State-selective electron capture in (0.5–50)-keV/u C⁵⁺-He collisions studied by cold-target recoil-ion momentum spectroscopy

Cross sections, differential in translational energy gain and projectile scattering angle, for single- and double-electron capture processes in collisions of C⁵⁺ ions with He at laboratory energies between 0.5 and 50 keV/u, have been studied experimentally by means of a high-resolution cold-target recoil-ion momentum spectroscopy. The translational energy spectra for single-electron capture show that capture into the C⁴⁺ (n=3) state is the dominant reaction channel observed over the entire collision energy region studied, in agreement with close-coupling calculations.
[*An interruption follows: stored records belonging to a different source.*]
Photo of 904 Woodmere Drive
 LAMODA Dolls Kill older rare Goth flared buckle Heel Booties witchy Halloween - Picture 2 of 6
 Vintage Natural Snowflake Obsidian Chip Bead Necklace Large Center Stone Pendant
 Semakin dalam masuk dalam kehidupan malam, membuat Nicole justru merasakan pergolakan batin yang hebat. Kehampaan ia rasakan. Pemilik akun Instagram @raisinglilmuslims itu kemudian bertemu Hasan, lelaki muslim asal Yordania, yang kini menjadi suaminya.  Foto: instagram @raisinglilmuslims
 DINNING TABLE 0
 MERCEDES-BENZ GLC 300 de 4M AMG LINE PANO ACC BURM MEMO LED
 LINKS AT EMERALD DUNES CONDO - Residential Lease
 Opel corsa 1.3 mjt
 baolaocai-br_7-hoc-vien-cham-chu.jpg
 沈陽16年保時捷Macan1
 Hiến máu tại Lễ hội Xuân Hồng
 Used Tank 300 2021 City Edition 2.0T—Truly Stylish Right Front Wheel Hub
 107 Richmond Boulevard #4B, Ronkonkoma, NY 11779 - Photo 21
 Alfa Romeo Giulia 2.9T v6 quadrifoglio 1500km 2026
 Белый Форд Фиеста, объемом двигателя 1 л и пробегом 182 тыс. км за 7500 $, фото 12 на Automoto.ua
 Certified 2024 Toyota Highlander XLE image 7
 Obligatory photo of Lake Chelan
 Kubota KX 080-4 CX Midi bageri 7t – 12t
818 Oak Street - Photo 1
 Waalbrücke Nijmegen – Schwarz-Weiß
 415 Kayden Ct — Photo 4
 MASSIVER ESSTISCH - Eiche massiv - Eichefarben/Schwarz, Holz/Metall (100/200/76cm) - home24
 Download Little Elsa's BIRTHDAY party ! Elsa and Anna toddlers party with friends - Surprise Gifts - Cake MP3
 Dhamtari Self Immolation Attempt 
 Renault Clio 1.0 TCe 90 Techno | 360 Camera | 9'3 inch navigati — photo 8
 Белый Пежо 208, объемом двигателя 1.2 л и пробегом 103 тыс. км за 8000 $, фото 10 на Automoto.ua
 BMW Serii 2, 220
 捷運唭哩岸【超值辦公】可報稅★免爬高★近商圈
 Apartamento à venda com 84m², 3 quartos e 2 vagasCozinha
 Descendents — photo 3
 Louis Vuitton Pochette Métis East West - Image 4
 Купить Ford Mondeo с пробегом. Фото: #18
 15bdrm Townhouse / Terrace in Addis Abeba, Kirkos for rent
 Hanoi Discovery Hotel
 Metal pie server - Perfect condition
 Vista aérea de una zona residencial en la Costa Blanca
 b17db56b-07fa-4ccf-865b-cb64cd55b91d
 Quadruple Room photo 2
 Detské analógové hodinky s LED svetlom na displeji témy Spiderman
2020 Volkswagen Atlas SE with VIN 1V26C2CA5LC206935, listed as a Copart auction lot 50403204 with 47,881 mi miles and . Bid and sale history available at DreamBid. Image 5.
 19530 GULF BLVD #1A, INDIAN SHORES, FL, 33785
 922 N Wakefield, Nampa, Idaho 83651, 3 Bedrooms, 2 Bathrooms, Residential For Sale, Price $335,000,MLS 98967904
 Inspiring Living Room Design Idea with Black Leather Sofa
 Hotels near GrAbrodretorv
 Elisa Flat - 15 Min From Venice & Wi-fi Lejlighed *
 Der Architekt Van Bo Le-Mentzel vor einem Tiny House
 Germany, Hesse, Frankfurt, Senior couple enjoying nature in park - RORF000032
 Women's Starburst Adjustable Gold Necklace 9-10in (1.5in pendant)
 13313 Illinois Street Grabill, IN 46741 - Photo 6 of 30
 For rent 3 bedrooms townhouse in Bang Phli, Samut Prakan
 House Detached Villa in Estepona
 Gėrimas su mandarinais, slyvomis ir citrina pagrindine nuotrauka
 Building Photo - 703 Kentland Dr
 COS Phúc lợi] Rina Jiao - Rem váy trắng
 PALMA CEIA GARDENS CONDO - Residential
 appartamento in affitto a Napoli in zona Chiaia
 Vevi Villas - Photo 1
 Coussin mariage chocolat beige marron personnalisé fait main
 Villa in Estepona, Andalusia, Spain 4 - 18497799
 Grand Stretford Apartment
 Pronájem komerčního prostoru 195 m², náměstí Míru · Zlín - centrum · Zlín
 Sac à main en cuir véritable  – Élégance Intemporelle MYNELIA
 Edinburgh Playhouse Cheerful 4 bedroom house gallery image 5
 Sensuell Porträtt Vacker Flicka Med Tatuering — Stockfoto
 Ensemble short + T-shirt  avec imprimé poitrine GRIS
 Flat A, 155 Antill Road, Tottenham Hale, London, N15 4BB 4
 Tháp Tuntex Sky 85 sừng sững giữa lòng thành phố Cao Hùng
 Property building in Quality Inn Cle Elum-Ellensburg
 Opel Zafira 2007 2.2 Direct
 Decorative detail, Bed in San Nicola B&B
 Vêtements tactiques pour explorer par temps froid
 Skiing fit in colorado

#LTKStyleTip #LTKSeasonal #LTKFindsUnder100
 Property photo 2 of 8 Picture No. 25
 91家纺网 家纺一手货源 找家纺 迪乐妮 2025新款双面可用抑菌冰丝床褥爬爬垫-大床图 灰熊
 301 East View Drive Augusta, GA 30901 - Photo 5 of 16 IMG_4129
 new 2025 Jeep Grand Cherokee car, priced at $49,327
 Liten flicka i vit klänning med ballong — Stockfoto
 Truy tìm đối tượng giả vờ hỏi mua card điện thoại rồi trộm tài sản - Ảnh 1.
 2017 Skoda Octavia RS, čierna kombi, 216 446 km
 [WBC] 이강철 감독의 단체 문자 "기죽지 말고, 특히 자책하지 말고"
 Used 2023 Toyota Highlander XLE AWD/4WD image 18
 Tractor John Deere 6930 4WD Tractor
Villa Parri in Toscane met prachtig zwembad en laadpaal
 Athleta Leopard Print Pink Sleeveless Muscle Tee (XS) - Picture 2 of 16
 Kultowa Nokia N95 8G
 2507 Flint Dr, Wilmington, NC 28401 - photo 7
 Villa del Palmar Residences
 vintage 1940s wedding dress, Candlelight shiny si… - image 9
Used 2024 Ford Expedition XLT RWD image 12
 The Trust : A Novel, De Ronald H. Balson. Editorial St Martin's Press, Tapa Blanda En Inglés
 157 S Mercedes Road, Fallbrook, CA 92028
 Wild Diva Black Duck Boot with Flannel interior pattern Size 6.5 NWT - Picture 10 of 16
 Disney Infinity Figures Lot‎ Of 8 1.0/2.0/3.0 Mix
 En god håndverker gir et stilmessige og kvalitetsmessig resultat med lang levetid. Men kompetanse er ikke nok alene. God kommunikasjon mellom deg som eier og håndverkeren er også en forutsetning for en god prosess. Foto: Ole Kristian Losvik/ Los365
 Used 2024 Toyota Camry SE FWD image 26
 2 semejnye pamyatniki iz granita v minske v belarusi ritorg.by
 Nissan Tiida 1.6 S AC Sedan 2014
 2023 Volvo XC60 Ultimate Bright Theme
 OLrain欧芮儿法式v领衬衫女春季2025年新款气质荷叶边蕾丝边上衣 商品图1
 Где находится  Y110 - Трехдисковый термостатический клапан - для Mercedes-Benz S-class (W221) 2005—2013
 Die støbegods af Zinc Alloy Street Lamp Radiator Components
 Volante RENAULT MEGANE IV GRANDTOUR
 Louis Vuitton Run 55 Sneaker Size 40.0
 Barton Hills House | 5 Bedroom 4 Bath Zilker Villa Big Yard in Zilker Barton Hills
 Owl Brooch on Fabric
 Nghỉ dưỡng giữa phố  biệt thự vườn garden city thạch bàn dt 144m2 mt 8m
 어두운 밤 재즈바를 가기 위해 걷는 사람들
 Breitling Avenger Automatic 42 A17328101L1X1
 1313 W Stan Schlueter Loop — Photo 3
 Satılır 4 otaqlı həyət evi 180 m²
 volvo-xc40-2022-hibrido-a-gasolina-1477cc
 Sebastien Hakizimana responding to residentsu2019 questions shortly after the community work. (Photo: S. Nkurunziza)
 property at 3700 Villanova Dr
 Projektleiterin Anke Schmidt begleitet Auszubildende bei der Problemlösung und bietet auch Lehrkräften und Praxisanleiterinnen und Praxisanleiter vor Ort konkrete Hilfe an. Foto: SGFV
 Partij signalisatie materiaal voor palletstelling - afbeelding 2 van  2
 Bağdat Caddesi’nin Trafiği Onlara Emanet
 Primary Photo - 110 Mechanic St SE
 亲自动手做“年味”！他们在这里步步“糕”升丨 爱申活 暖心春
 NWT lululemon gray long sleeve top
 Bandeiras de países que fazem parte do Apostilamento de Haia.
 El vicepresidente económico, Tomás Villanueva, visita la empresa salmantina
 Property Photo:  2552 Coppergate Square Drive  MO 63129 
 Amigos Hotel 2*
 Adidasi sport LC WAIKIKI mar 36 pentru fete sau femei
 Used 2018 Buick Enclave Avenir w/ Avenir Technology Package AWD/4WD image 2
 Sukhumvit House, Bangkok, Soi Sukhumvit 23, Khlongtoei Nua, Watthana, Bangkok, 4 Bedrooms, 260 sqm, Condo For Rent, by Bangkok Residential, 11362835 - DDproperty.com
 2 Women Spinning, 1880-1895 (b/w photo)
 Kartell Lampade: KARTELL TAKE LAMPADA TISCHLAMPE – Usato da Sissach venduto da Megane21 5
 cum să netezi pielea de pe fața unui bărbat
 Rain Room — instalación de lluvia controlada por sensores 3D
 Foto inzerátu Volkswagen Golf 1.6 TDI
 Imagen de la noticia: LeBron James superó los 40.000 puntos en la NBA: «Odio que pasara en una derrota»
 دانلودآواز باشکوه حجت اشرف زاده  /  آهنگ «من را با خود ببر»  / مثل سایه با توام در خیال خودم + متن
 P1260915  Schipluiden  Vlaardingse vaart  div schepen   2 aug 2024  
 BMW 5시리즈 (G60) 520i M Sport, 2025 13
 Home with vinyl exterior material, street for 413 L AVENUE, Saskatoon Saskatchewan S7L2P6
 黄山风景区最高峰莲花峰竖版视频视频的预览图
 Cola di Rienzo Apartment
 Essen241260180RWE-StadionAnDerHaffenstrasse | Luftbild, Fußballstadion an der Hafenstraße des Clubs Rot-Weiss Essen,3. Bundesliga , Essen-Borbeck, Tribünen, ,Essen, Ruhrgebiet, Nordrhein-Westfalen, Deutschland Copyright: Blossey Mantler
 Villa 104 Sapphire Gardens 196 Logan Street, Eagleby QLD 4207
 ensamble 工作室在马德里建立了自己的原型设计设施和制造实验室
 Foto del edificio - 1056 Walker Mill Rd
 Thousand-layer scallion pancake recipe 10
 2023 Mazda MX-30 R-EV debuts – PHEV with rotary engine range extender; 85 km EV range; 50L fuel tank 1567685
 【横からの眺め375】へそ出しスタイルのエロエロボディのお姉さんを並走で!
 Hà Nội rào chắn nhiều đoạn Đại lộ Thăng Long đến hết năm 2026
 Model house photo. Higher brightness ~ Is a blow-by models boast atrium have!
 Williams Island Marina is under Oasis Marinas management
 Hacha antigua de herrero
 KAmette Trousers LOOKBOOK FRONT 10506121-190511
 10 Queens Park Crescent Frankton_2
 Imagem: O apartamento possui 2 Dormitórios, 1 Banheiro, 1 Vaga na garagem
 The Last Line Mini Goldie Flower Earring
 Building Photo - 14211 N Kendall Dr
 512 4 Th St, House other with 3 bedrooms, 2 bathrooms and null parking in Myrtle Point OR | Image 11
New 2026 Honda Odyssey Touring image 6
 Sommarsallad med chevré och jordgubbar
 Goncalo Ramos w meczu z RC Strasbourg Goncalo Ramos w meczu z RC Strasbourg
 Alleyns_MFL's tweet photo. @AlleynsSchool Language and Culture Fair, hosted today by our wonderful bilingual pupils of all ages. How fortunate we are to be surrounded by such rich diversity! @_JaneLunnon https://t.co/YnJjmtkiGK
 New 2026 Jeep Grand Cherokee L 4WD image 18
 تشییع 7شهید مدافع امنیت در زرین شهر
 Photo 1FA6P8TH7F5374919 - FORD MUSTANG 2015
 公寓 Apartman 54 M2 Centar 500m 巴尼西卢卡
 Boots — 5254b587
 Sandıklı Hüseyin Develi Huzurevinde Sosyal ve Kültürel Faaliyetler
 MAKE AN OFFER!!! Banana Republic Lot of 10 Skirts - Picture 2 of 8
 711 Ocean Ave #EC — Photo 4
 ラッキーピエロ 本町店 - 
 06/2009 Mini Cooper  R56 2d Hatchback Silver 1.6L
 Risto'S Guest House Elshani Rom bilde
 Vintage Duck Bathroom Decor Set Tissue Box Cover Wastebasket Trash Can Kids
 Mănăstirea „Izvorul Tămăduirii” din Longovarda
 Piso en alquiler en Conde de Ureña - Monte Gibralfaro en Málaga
However, capture into n=2 and n>~4 states is only significant at E>~4 keV/u. Transfer excitation processes contribute only very weakly to the total cross sections for single-electron capture (2–4 %). This contribution is considerably smaller than the close-coupling prediction. The autoionizing double-electron-capture (transfer ionization) spectrum clearly shows that C³⁺ (2l,2l^′) states are populated at the lowest impact energy, whereas contributions from capture into C³⁺ (2l,n^′l^′) states with n^′>~3 increase as the impact energy is increased and become the dominant process at E=35 keV/u. State-selective and differential cross sections have also been measured and compared with the close-coupling and multichannel Landau-Zener calculations.